Your assignment: Return the full listing unchanged, excluding any images it contains.

Source data:
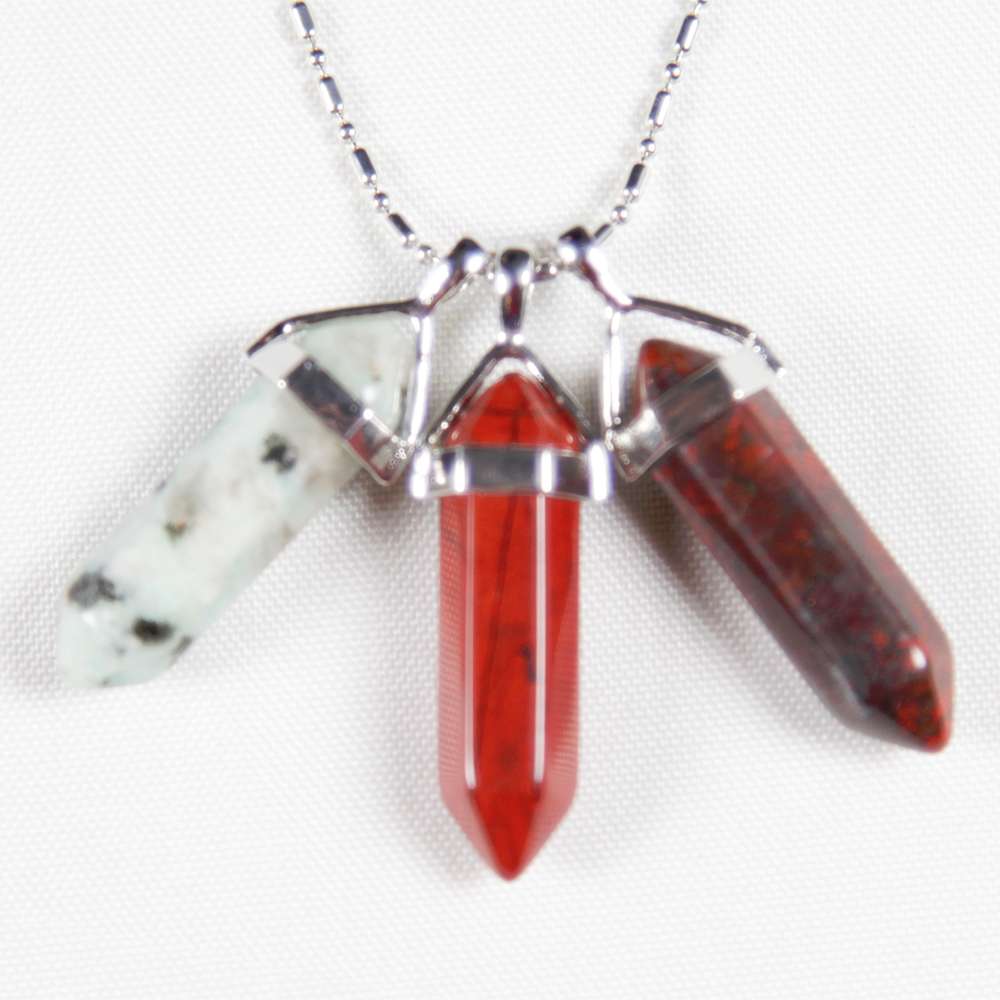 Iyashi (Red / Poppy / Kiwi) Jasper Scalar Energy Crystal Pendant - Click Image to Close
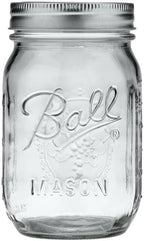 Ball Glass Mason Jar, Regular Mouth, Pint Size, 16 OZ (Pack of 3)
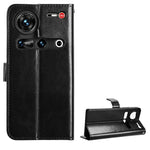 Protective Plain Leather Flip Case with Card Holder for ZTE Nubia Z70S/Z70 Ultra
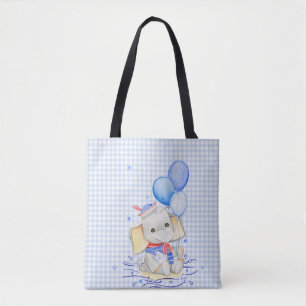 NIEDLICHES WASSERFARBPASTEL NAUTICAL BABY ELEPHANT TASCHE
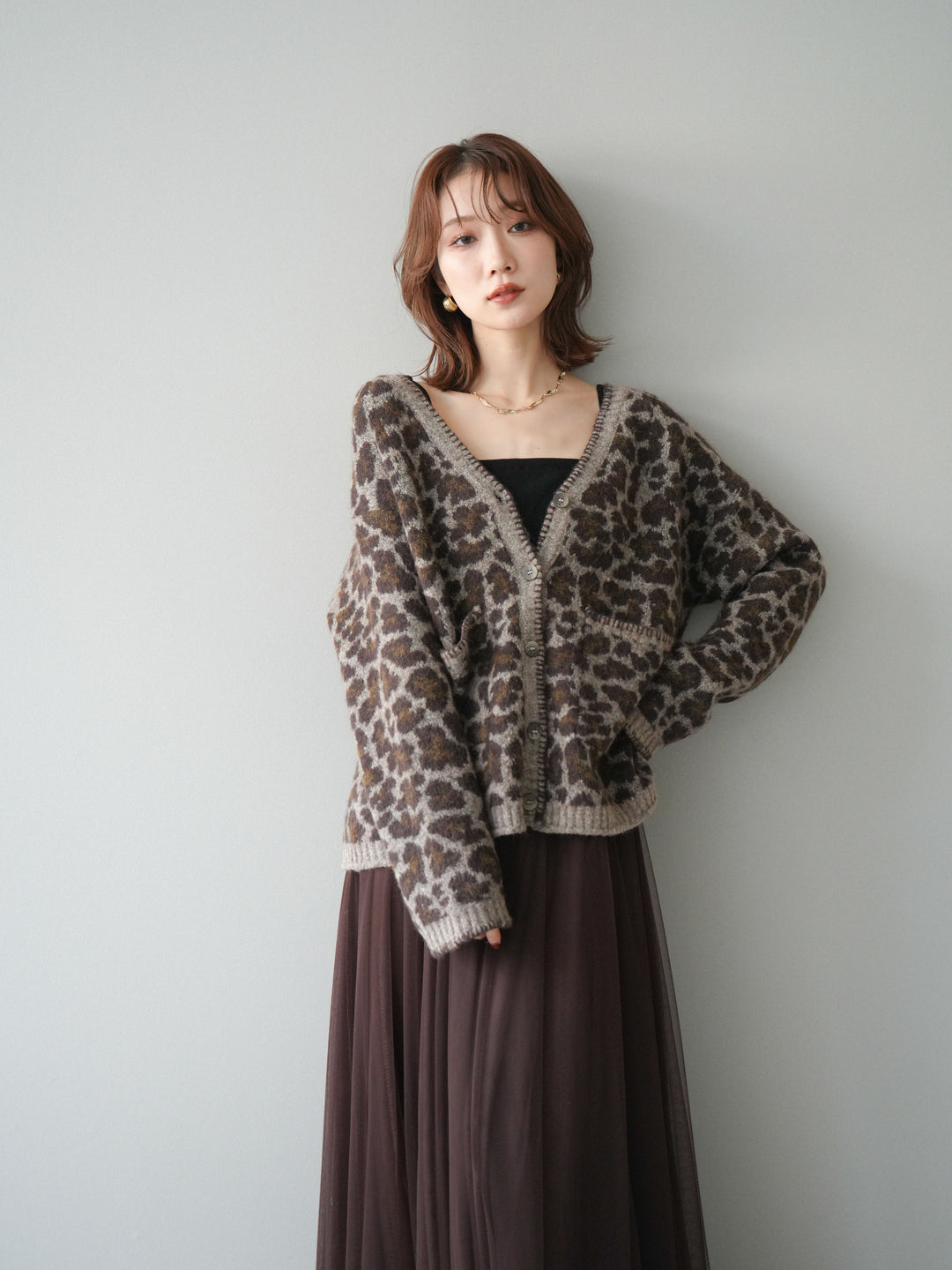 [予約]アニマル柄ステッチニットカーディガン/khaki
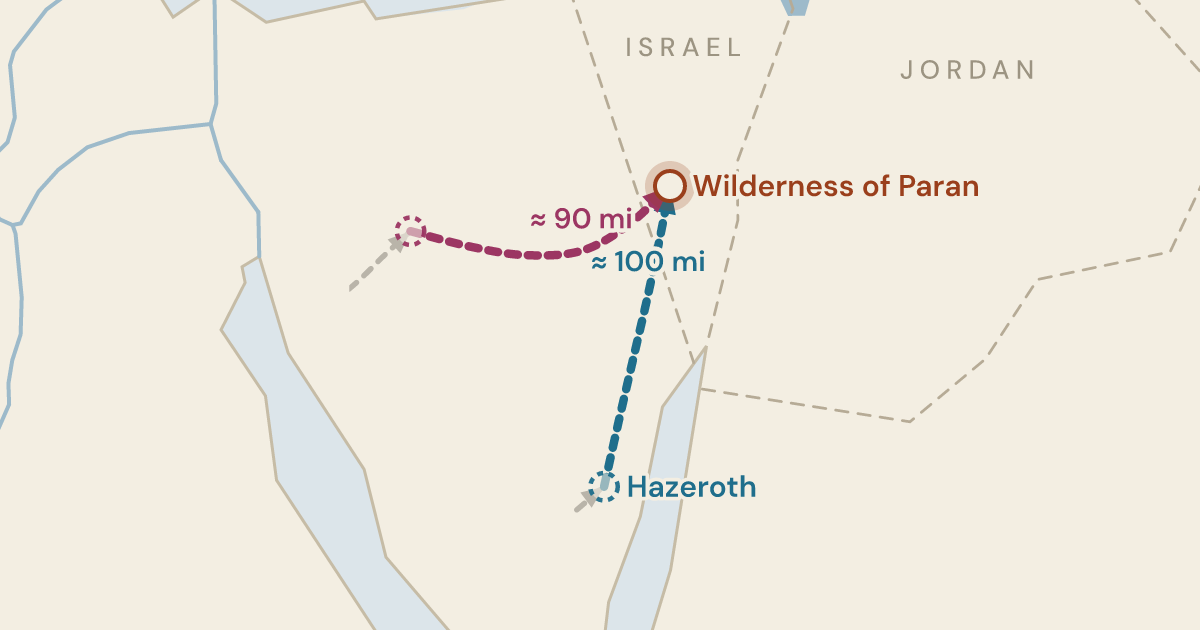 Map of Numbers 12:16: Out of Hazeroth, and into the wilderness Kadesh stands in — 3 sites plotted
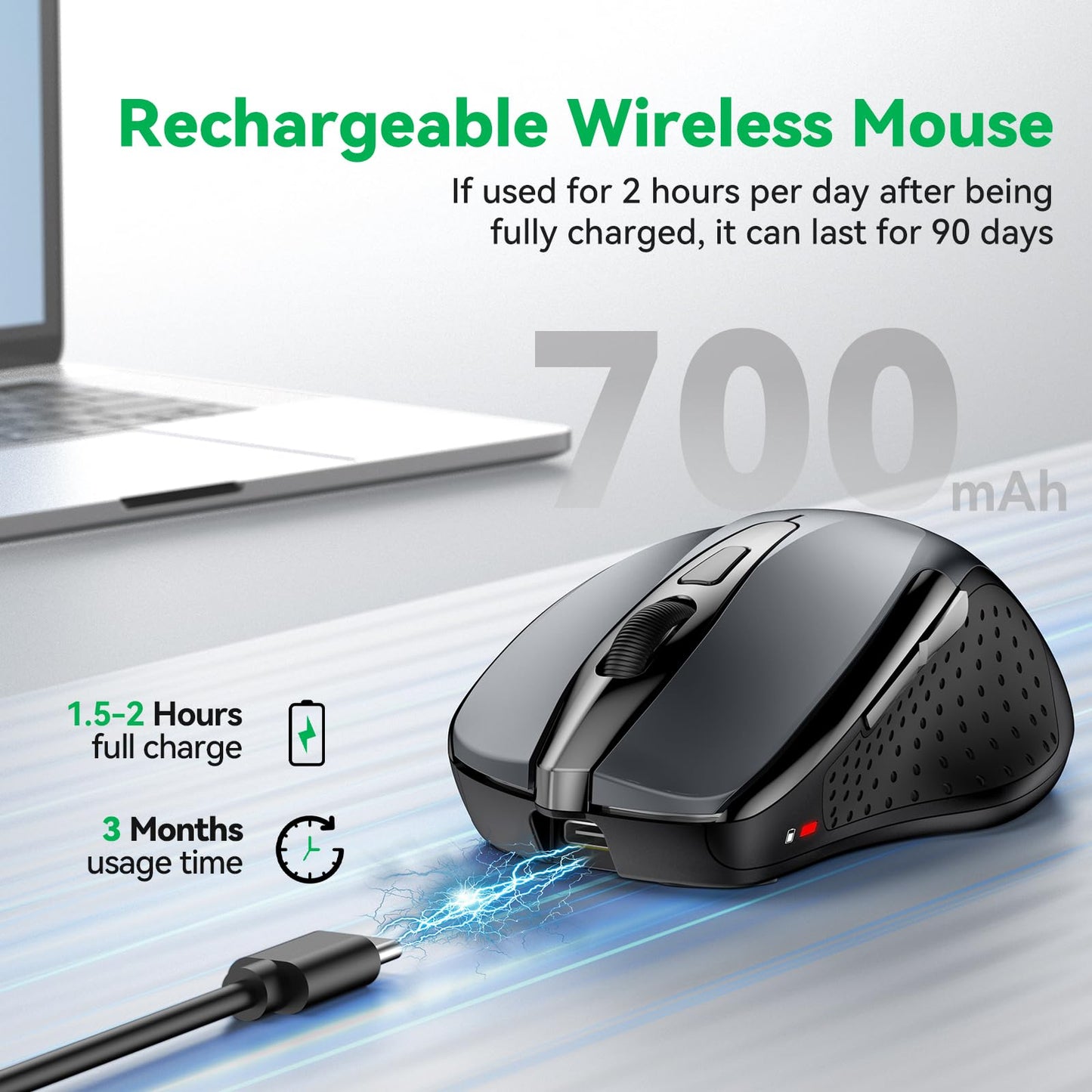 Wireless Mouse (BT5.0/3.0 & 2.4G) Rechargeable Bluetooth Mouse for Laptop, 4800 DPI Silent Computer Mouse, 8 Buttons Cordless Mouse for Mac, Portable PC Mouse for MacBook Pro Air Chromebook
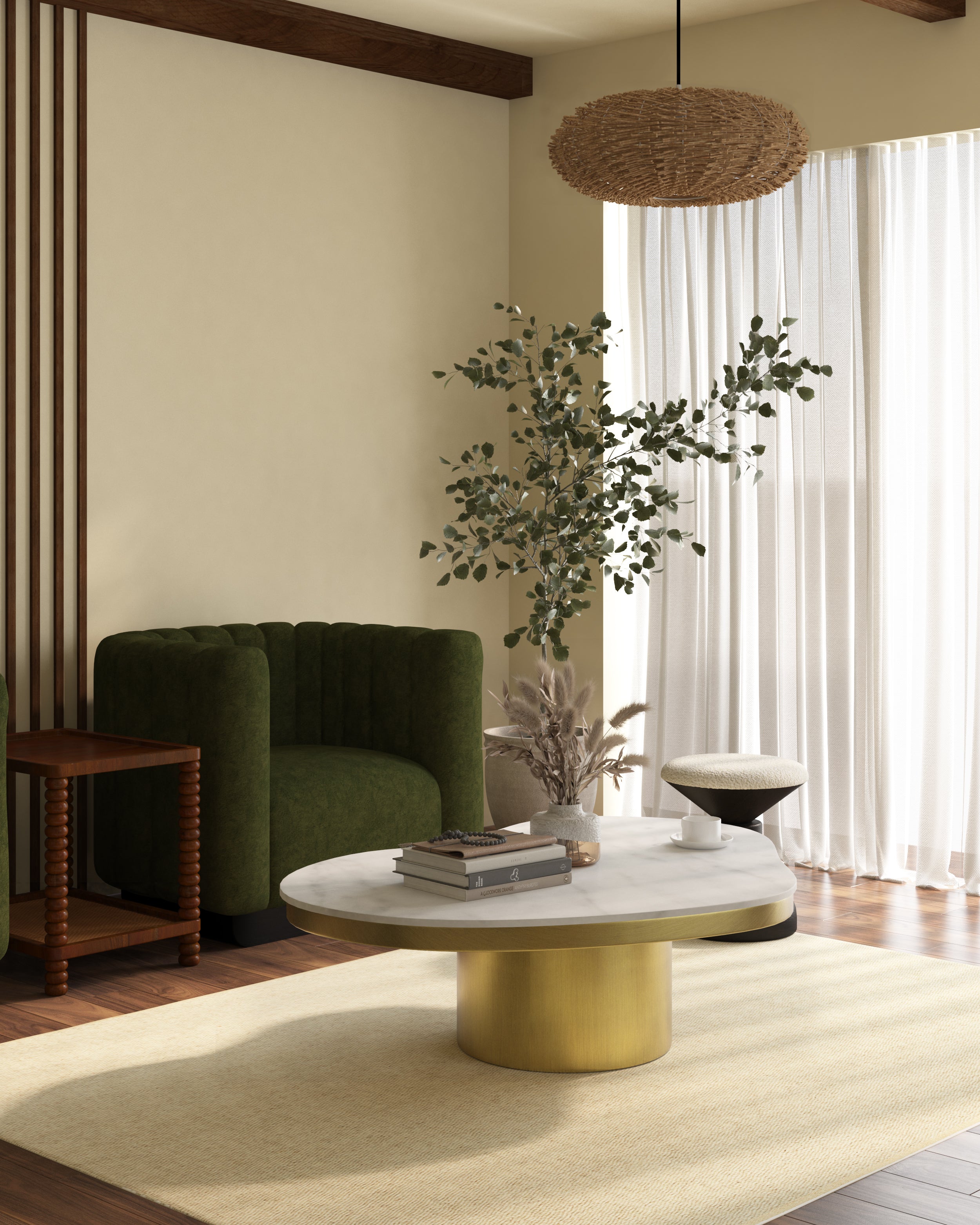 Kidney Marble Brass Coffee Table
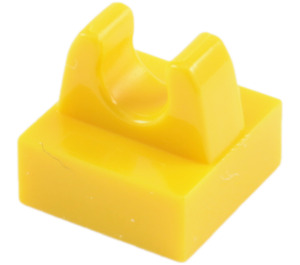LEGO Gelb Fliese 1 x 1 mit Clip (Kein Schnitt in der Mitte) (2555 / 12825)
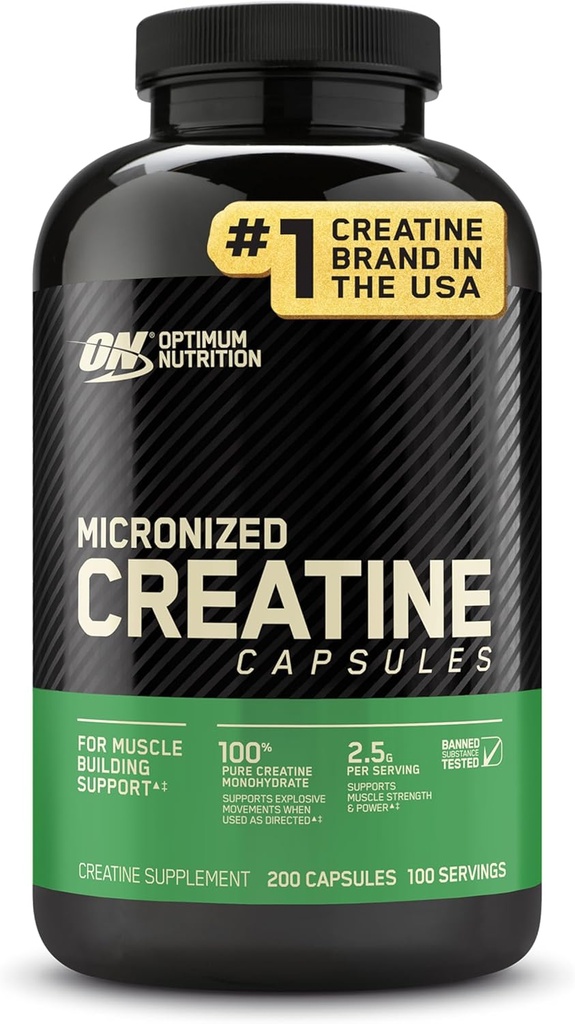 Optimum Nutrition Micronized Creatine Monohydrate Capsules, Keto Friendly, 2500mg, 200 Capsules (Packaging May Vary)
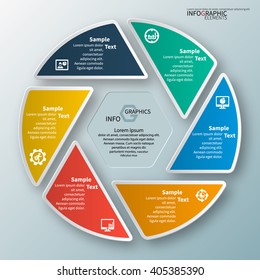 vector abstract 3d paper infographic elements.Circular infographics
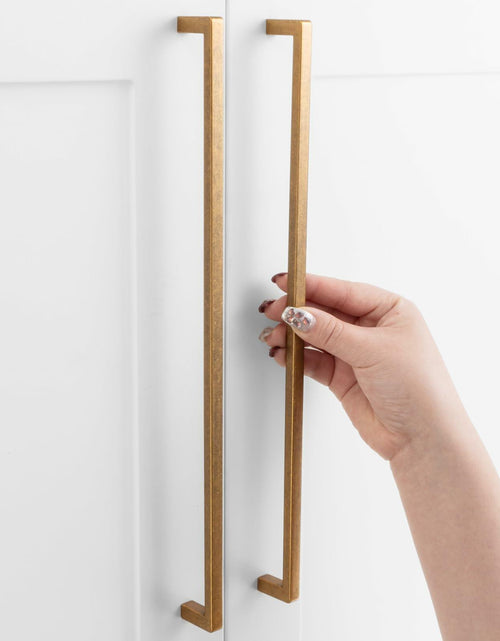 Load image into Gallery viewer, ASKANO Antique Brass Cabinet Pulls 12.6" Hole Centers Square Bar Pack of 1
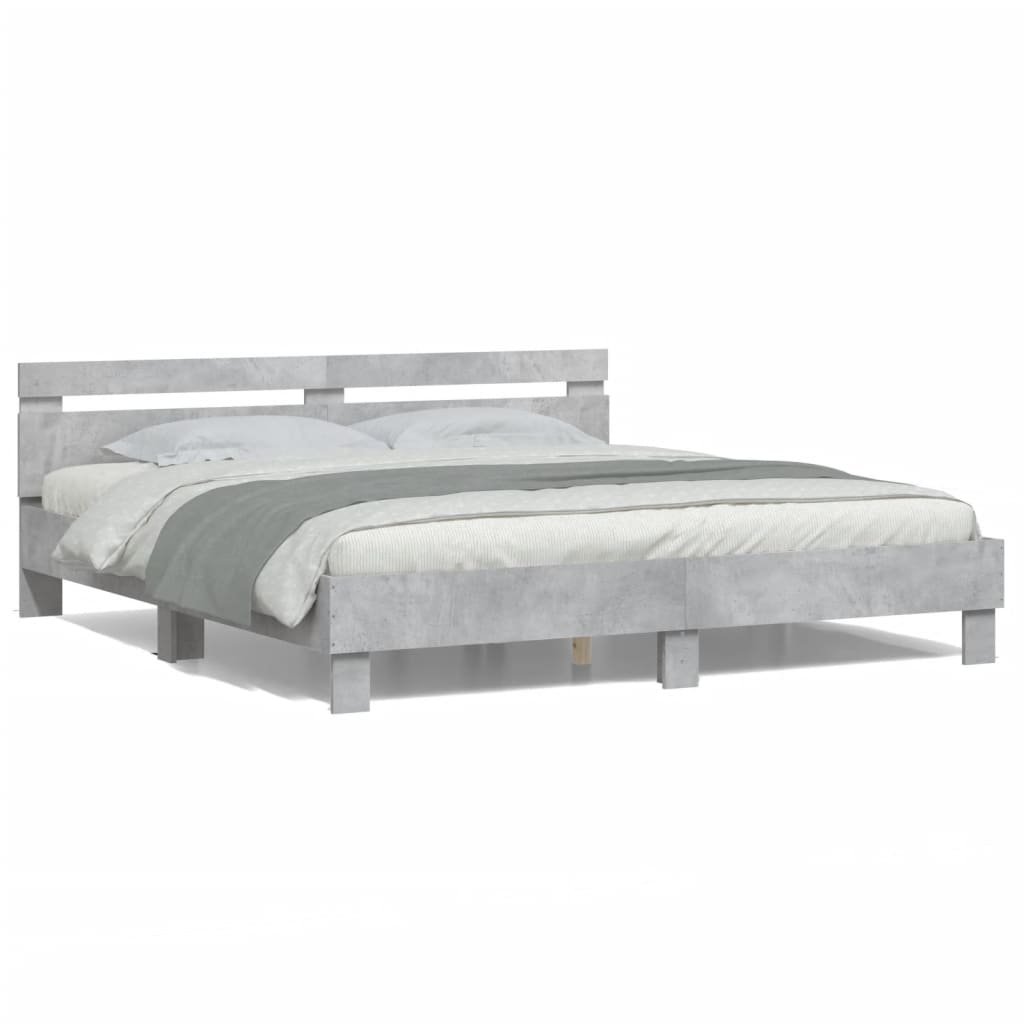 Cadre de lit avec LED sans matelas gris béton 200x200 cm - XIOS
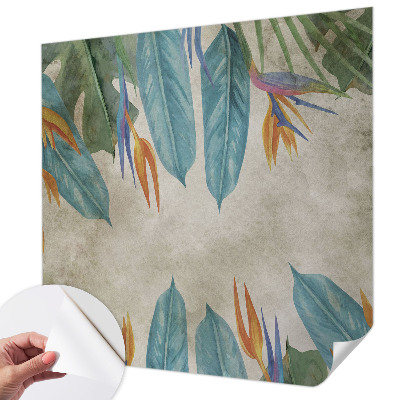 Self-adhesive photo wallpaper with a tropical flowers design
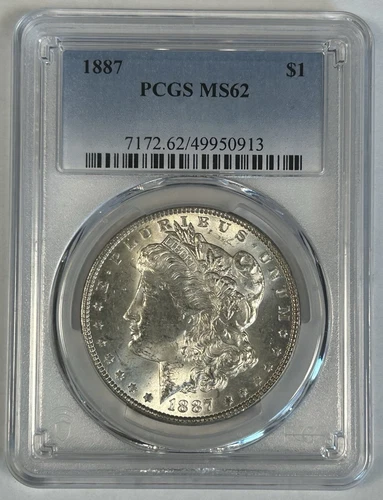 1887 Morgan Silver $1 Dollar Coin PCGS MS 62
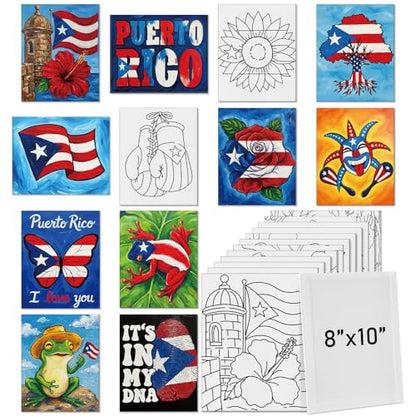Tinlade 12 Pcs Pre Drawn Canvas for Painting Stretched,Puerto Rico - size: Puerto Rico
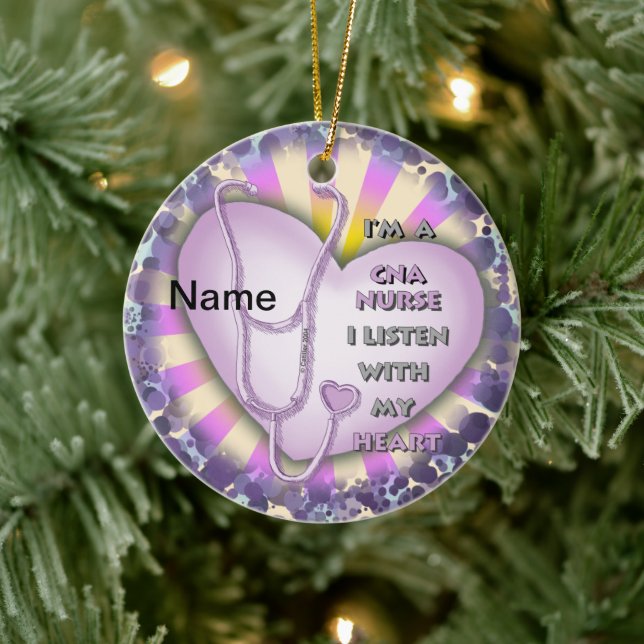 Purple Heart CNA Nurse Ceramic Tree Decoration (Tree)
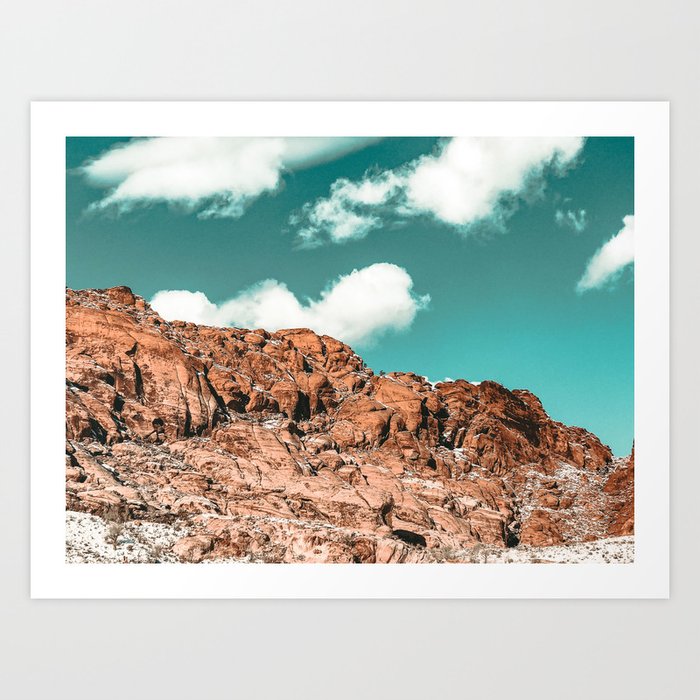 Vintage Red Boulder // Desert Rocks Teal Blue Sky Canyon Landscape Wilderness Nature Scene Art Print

Answer space:
 Iyashi (Red / Poppy / Kiwi) Jasper Scalar Energy Crystal Pendant - Click Image to Close
 Ball Glass Mason Jar, Regular Mouth, Pint Size, 16 OZ (Pack of 3)
 Protective Plain Leather Flip Case with Card Holder for ZTE Nubia Z70S/Z70 Ultra
 NIEDLICHES WASSERFARBPASTEL NAUTICAL BABY ELEPHANT TASCHE
 [予約]アニマル柄ステッチニットカーディガン/khaki
 Map of Numbers 12:16: Out of Hazeroth, and into the wilderness Kadesh stands in — 3 sites plotted
 Wireless Mouse (BT5.0/3.0 & 2.4G) Rechargeable Bluetooth Mouse for Laptop, 4800 DPI Silent Computer Mouse, 8 Buttons Cordless Mouse for Mac, Portable PC Mouse for MacBook Pro Air Chromebook
 Kidney Marble Brass Coffee Table
LEGO Gelb Fliese 1 x 1 mit Clip (Kein Schnitt in der Mitte) (2555 / 12825)
 Optimum Nutrition Micronized Creatine Monohydrate Capsules, Keto Friendly, 2500mg, 200 Capsules (Packaging May Vary)
 vector abstract 3d paper infographic elements.Circular infographics
 Load image into Gallery viewer, ASKANO Antique Brass Cabinet Pulls 12.6" Hole Centers Square Bar Pack of 1
 Cadre de lit avec LED sans matelas gris béton 200x200 cm - XIOS
 Self-adhesive photo wallpaper with a tropical flowers design
 1887 Morgan Silver $1 Dollar Coin PCGS MS 62
Tinlade 12 Pcs Pre Drawn Canvas for Painting Stretched,Puerto Rico - size: Puerto Rico
 Purple Heart CNA Nurse Ceramic Tree Decoration (Tree)
 Vintage Red Boulder // Desert Rocks Teal Blue Sky Canyon Landscape Wilderness Nature Scene Art Print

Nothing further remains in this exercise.